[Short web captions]

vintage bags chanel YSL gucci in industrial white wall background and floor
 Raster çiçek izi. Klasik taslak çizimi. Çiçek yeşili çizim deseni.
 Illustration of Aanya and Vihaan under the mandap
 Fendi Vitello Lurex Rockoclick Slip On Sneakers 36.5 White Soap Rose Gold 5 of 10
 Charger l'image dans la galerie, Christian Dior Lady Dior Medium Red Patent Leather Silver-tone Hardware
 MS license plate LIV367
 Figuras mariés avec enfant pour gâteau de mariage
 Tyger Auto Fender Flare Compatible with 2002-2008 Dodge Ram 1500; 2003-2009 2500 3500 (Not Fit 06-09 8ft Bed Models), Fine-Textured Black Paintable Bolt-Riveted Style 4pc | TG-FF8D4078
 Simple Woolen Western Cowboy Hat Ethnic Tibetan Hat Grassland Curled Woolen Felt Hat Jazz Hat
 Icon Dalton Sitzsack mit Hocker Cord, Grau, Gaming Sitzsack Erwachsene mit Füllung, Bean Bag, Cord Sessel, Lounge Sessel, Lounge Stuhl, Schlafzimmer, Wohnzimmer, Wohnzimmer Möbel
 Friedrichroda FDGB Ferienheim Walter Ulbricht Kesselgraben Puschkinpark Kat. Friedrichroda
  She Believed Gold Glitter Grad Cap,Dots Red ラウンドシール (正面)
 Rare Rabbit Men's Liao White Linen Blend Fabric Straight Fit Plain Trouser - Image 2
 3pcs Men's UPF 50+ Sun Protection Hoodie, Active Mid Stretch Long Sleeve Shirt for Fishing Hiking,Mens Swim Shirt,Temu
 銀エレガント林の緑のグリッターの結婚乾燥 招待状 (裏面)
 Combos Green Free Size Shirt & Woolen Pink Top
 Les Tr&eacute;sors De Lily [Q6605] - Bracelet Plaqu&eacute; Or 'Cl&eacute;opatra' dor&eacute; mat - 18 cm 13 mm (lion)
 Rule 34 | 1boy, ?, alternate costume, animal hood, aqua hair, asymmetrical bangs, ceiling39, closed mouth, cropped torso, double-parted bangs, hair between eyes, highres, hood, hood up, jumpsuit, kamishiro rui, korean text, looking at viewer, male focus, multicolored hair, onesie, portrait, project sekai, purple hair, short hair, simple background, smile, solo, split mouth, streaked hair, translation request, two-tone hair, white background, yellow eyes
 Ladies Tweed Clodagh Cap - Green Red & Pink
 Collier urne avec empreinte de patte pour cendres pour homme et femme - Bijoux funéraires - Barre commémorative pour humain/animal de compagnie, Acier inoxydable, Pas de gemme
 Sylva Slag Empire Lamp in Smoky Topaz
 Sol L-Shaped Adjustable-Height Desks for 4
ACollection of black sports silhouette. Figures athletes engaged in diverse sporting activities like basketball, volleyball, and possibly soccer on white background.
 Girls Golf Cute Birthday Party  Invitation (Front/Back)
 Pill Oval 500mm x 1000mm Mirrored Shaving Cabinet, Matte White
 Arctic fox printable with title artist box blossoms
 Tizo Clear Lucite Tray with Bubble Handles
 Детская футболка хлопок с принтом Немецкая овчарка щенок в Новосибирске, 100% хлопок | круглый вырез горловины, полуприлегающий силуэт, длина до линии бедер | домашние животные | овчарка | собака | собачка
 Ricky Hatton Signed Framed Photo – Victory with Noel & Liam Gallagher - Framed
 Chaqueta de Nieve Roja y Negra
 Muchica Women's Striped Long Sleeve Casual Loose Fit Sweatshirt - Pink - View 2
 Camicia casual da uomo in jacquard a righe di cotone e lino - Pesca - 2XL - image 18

-- Your goal --
Nothing but the lines from the beginning of the records through the line with "Simple Woolen Western" should appear, each printed exactly.

-- Response to the exercise --
vintage bags chanel YSL gucci in industrial white wall background and floor
 Raster çiçek izi. Klasik taslak çizimi. Çiçek yeşili çizim deseni.
 Illustration of Aanya and Vihaan under the mandap
 Fendi Vitello Lurex Rockoclick Slip On Sneakers 36.5 White Soap Rose Gold 5 of 10
 Charger l'image dans la galerie, Christian Dior Lady Dior Medium Red Patent Leather Silver-tone Hardware
 MS license plate LIV367
 Figuras mariés avec enfant pour gâteau de mariage
 Tyger Auto Fender Flare Compatible with 2002-2008 Dodge Ram 1500; 2003-2009 2500 3500 (Not Fit 06-09 8ft Bed Models), Fine-Textured Black Paintable Bolt-Riveted Style 4pc | TG-FF8D4078
 Simple Woolen Western Cowboy Hat Ethnic Tibetan Hat Grassland Curled Woolen Felt Hat Jazz Hat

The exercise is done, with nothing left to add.